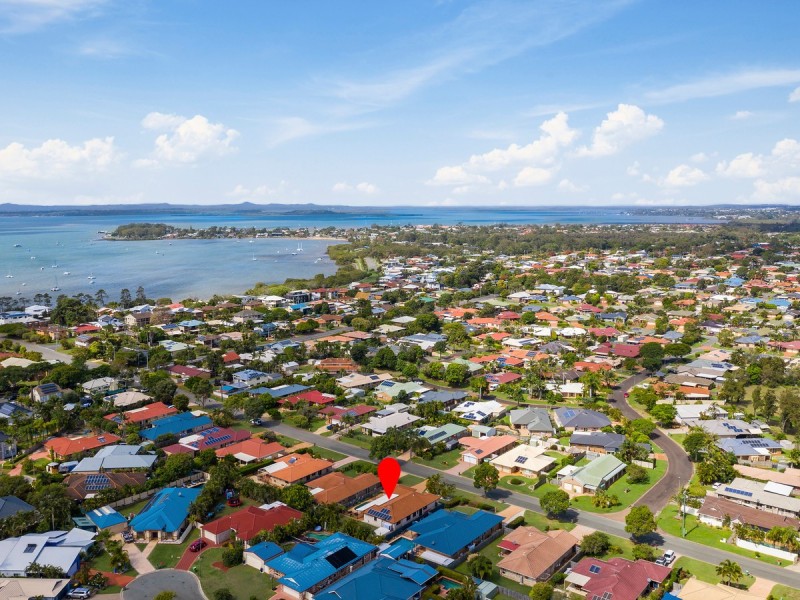 41 Orana Street, Victoria Point QLD 4165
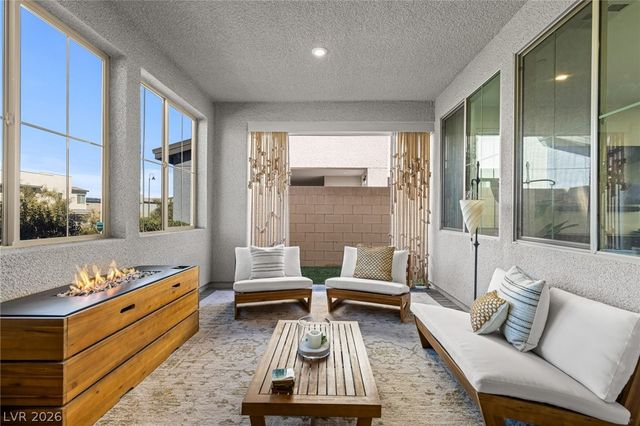 3208 Waterstone Avenue, Henderson, NV 89044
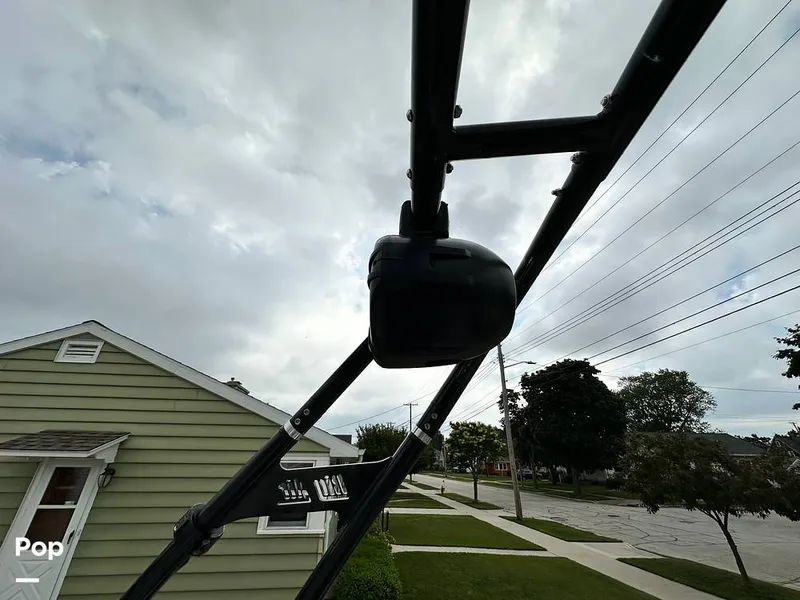 Slide: The Image of Tahoe 500 TS 2021 - 15622019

▶ **Task objective**: An exact transcript of the listing is needed, free of pictures.

▶ **Exercise output**:
 41 Orana Street, Victoria Point QLD 4165
 3208 Waterstone Avenue, Henderson, NV 89044
 Slide: The Image of Tahoe 500 TS 2021 - 15622019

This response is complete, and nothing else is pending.